[Start of Attachment]

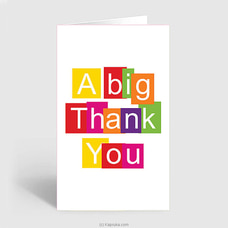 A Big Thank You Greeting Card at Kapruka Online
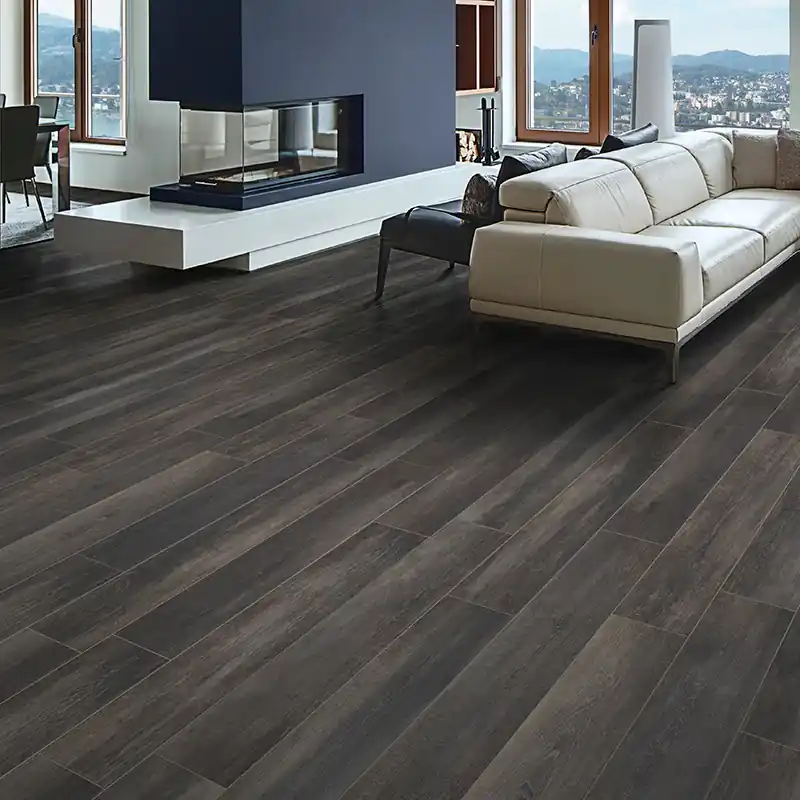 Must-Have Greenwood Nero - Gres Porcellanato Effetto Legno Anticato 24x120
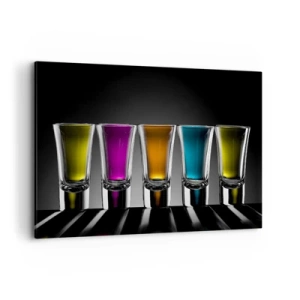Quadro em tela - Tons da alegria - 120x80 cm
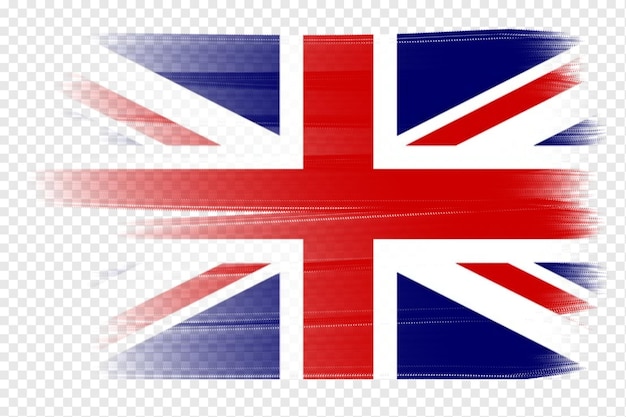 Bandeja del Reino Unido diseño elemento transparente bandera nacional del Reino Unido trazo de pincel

[End of Attachment]
[Start of Attachment]

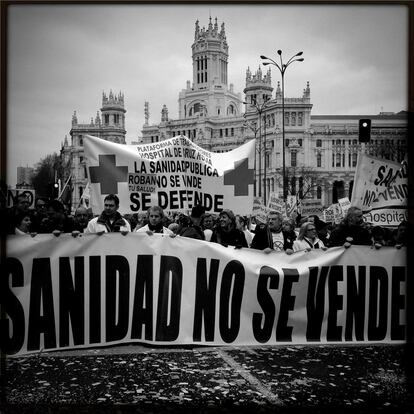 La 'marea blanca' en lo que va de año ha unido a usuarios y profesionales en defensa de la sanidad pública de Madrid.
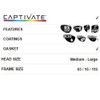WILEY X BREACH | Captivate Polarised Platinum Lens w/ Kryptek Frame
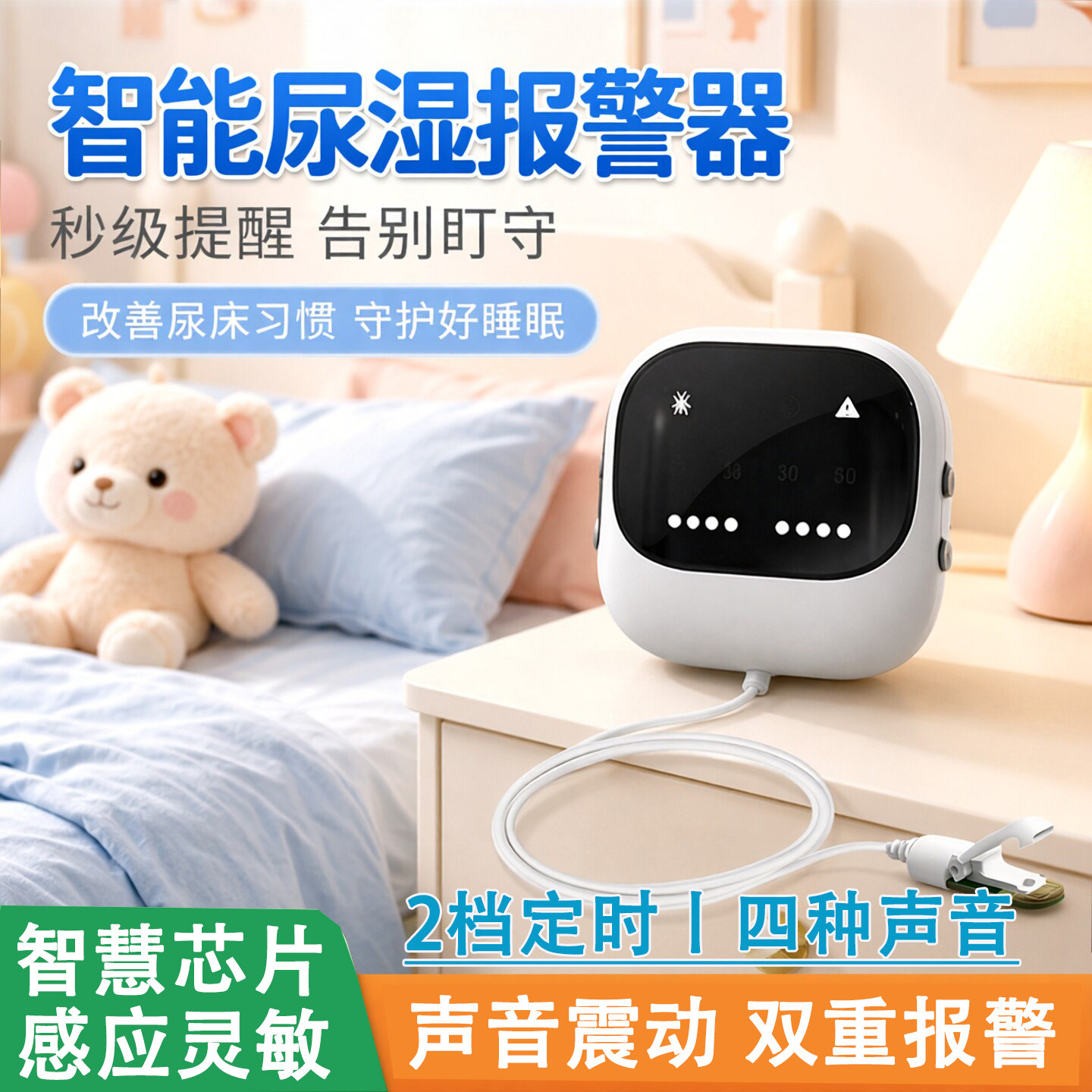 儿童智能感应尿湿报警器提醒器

[End of Attachment]

■ **Your instructions**
Reproduce the lines above beginning at the line that contains "La 'marea blanca'" and ending at the line that contains "儿童智能感应尿湿报警器提醒器". No pictures.

■ **Your response**
 La 'marea blanca' en lo que va de año ha unido a usuarios y profesionales en defensa de la sanidad pública de Madrid.
WILEY X BREACH | Captivate Polarised Platinum Lens w/ Kryptek Frame
 儿童智能感应尿湿报警器提醒器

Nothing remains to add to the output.